The worst of both worlds (between standardized tests, and just going by high school grades) for undergraduate admissions would probably be the following:
Every county in the US cooks up a standardized test. The tests are given in each neighborhood. The test administrator can choose to weight which questions are important the day of the exam. The only requirements are that the scores for the county-wide exams range from 0 to 1600. Then the scores are all sent to colleges, which use them to decide which students are “appropriate for such-and-such university”
The more I think about it, the more I like the fact that we have community colleges and junior colleges.
They’re cheap.
They’re everywhere.
Adults can take classes at them for fun.
Night classes are offered.
You can start (or re-start) whenever you’re ready.
You can transfer to other universities after finishing.
Also : If you’re a foreign-born postdoc, your girlfriend can get a student visa for going to a community college near where you have your postdoc. I’m probably the only person who thinks this is an advantage. (Personally I think anyone with a valid visa should be allowed to sponsor one significant other, regardless of spousal status. If they break up, the s.o. loses the visa)
The percentage of each section that has certain features changes after the computer decides which “bracket” you belong in. Depending on where the computer places you and how well you do on previous questions determines if you see more analogies or antonyms or reading comp, etc.
I hate that stupid computer.
How much did you prepare for the GRE? I’m taking mine NOvember 4th, and my Math GRE on November 8th. I’m trying to focus on the Math GRE because its my understanding that the general GRE exam is a pushover…
The quant section of the general GRE is about as difficult and at the same level as the SAT math section. If you’re taking the Math subject GRE, you’re fine as long as you can remember back that far in your math education.

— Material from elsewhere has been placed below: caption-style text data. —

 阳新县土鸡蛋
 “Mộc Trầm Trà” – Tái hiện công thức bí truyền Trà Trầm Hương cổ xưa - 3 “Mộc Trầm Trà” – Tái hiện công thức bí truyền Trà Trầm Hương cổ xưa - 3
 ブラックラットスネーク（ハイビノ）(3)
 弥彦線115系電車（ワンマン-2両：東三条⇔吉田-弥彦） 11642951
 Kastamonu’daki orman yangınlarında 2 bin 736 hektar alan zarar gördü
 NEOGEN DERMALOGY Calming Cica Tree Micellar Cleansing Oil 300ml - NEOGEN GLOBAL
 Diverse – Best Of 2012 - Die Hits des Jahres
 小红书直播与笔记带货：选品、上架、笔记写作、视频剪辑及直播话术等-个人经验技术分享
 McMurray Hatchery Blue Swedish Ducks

The verbal section generally produces much lower scores, as most people don’t take grammar courses in college and the vocabulary can be pretty arcane.
prep for the GRE, not alot, focused on the essays. I should have done more, but I wanted the scores quickly.
All I know is that I’m glad I took the GRE before they took out the old “analytical” section and put in the new “analytical essay”
P.S.
http://www.nytimes.com/2005/05/04/education/04education.html
that is comforting.
I heard once that they were planning to bifurcate the GRE at some point, with a version for math/science-intensive fields and a version for humanities/social sciences, or something like that. The main point being, of course, so that the distribution of quantitative scores might be less absurd.
Well, the GRE is so useful to begin with….
I thought the CS subject test was semi-useful.
The rest? Possibly relevant if you went to undergrad at some university that nobody has heard of.
I used to write essays with no prep on subjects I was not familiar with all the time. Of course I usually had a grounding in backing material on which to draw.
The problem was that the better I got at spitting out such essays in 30 minutes or less, the less thinking I felt was going into them. As this trajectory began to accelerate, I dropped out of school.
The essay is graded on a half point scale.
Well, I looked up the distribution. 54% score under 4.5, so I’m median, at least. Average is 4.1, so I’m slightly below that. Mode is 4.5.